5. How to Add Value to Guarantee High Open Rates

Your emails are competing with hundreds of others for your subscribers' limited attention. To ensure your messages get opened rather than deleted, you must prioritize reader value above everything else.

  • Master the Subject Line & Preview Text: Think of your subject line as a book cover. Keep it under 50 characters, create a sense of curiosity or urgency, and pair it intelligently with compelling preview text to summarize the value inside.

  • Segment Your Audience: Do not treat your email list like one giant monolith. Group your subscribers based on their interests or behavior (e.g., past buyers vs. cold prospects). Sending highly relevant content to smaller groups dramatically boosts engagement. Your EMP will have tools to help you segment your audience.

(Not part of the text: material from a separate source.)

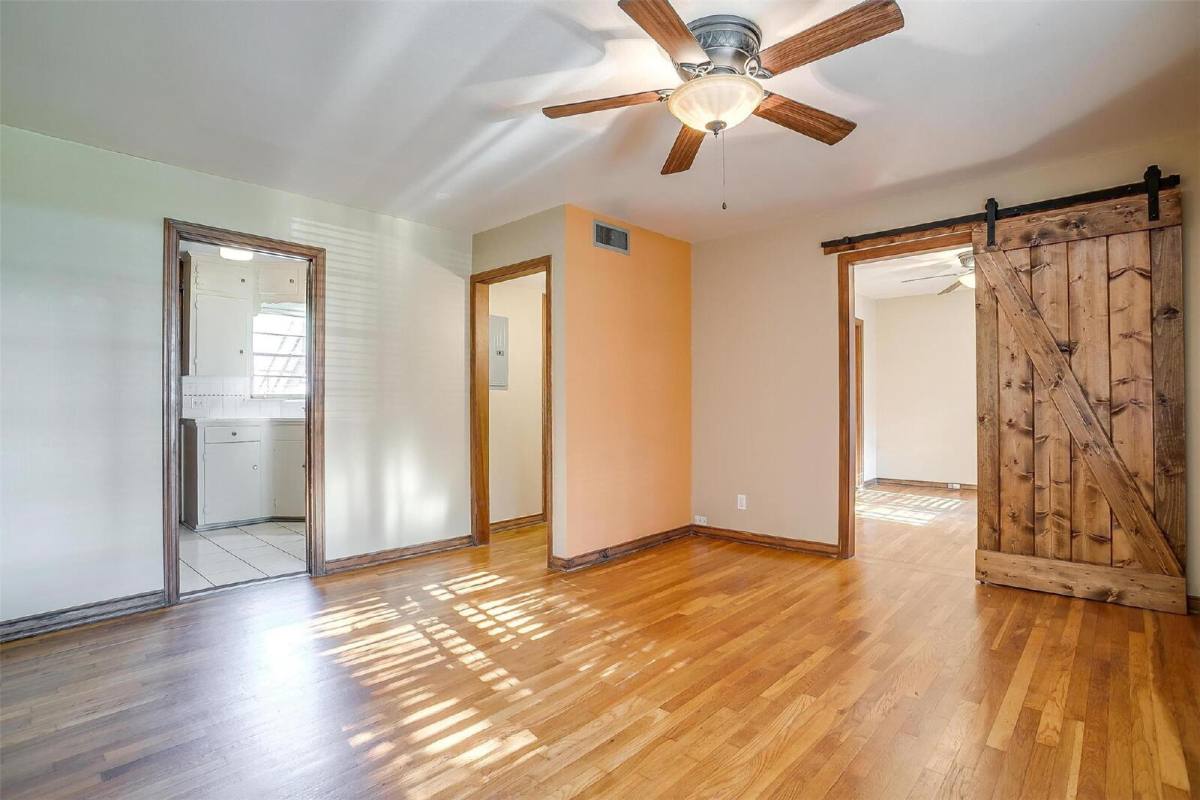 Apartment for rent at 604 Monticello Dr #103, Fort Worth, TX 76107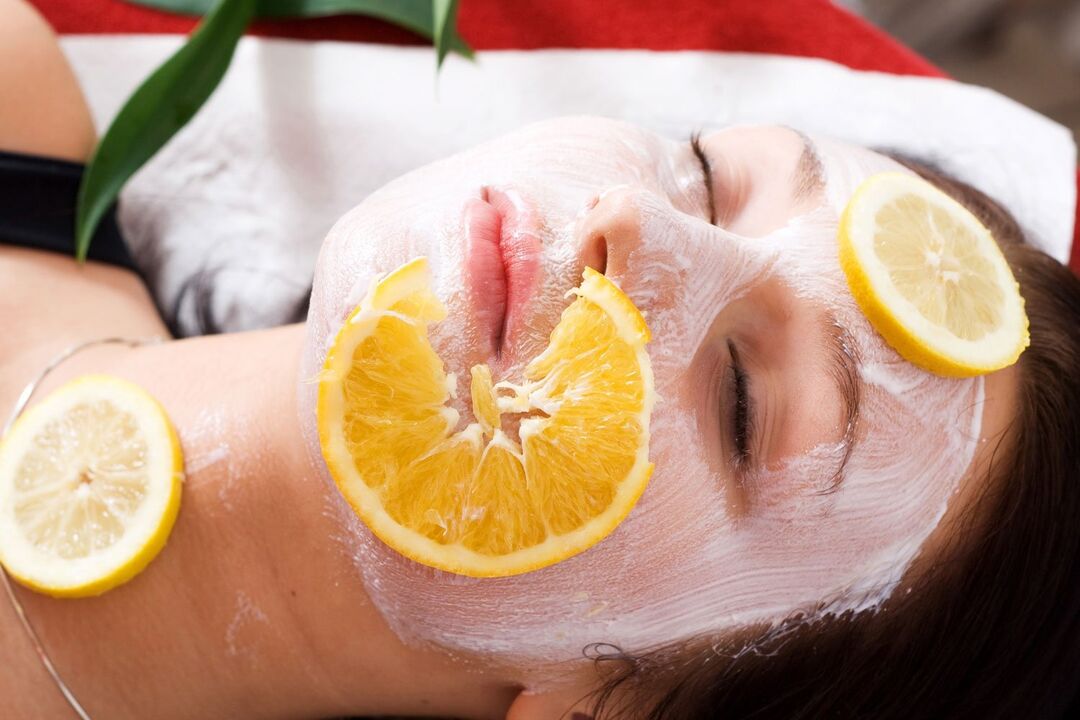 Masque facial aux fruits pour le rajeunissement de la peau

  • Adopt a "Give More Than You Take" Philosophy: Aim for an 80/20 ratio. Provide pure value—entertainment, education, free resources—80% of the time, and reserve direct sales pitches for the remaining 20%.

  • Optimize for Mobile Devices: Over 50% of emails are opened on smartphones. Keep paragraphs short (2–3 sentences max), use clear buttons for links, and avoid heavy imagery that slows down mobile loading times.


You Can Do Email Marketing - Get Started Today!

Email marketing is a marathon, not a sprint. Focus on building genuine relationships with the subscribers you do have, delivering consistent value, and keeping your content clear and compliant. Over time, your email list will become one of the most reliable revenue-generating assets in your entire business toolkit.